RECORD SET

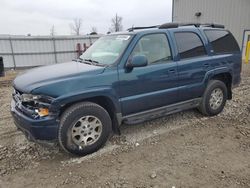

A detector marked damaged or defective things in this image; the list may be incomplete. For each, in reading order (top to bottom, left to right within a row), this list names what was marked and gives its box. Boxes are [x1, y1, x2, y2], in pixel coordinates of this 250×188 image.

damaged hood [12, 61, 104, 93]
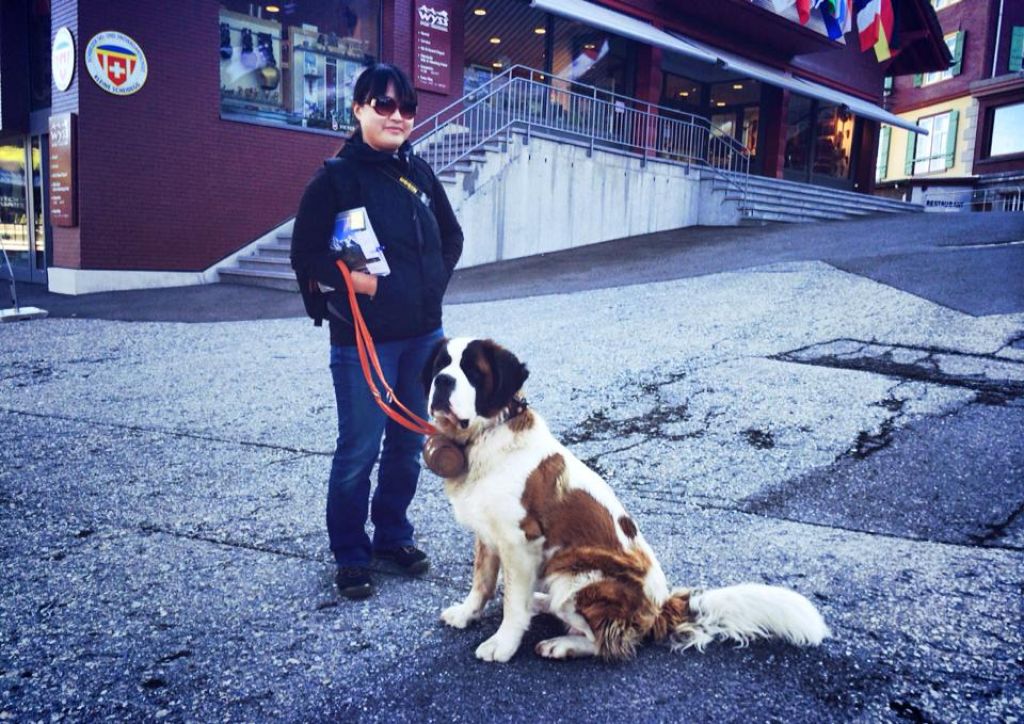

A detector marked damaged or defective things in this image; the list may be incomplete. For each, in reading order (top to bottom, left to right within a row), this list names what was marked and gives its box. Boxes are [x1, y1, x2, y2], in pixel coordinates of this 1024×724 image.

cracked pavement [2, 214, 1024, 720]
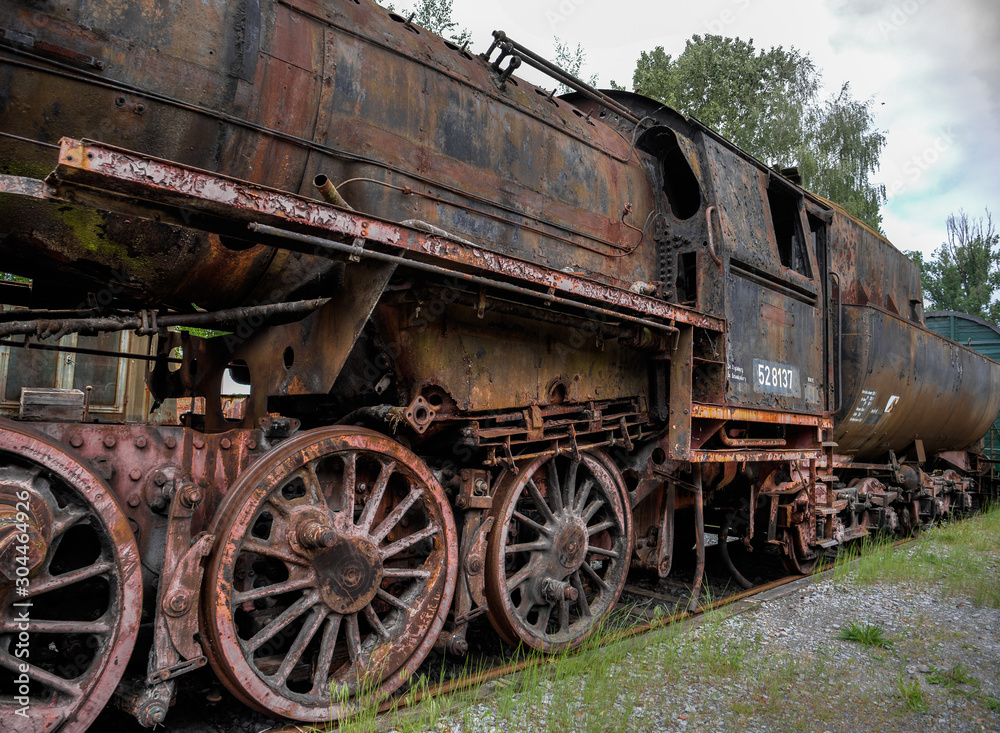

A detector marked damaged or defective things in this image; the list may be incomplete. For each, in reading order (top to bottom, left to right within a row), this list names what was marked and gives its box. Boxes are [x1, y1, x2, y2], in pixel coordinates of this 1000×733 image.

corroded metal wheel [0, 420, 143, 728]
corroded metal wheel [201, 428, 458, 720]
corroded metal wheel [482, 452, 628, 652]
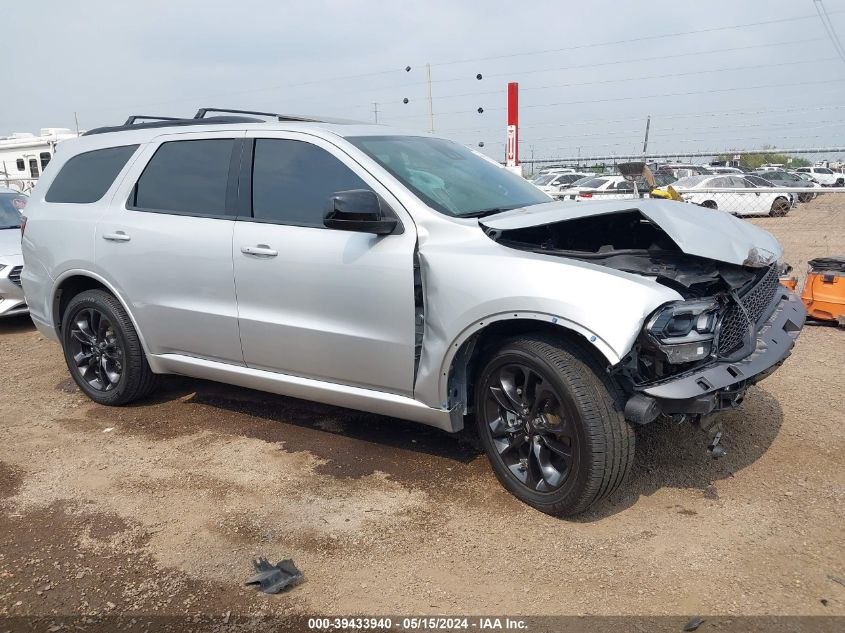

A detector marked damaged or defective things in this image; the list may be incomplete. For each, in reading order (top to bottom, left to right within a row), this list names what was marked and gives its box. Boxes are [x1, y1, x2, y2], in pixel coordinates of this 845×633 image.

crumpled hood [0, 227, 22, 256]
crumpled hood [478, 198, 780, 266]
damaged front end [482, 204, 804, 444]
detached bumper cover [632, 288, 804, 420]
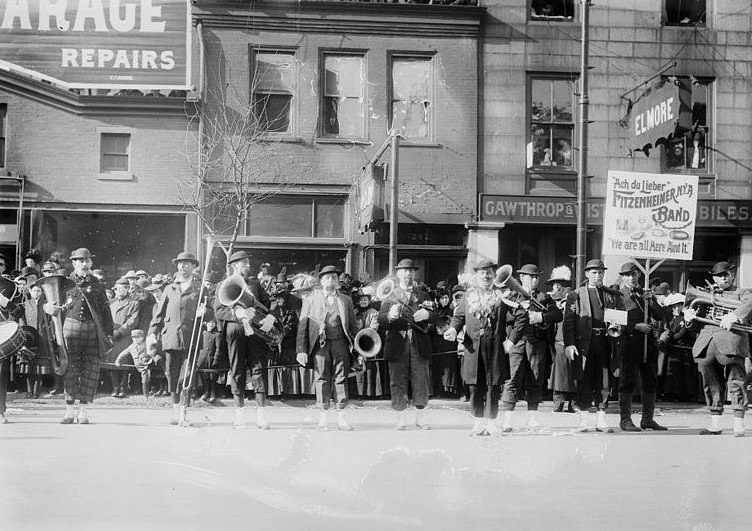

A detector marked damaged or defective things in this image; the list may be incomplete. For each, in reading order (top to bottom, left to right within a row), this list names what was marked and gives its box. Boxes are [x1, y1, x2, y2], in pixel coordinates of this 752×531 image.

DIRECTIONS FOR THIS TASK
Reproduce, with no pictures, the lines from the one containing "this 845×633 image." to the end of the records above, exactly and inclusively.

REPLY
A detector marked damaged or defective things in this image; the list may be incomplete. For each, in reading order (top to bottom, left to right within a row), this list names what was marked and gives its box. Boxes are [x1, y1, x2, y2], in pixel coordinates of this 845×633 image.

crumpled hood [0, 227, 22, 256]
crumpled hood [478, 198, 780, 266]
damaged front end [482, 204, 804, 444]
detached bumper cover [632, 288, 804, 420]

A detector marked damaged or defective things in this image; the list may be incomplete. For each, in reading order (top to bottom, left to right within a row), this list names what was marked and gives its box. Boxes are [x1, y1, x2, y2], in pixel coordinates of this 752×531 image.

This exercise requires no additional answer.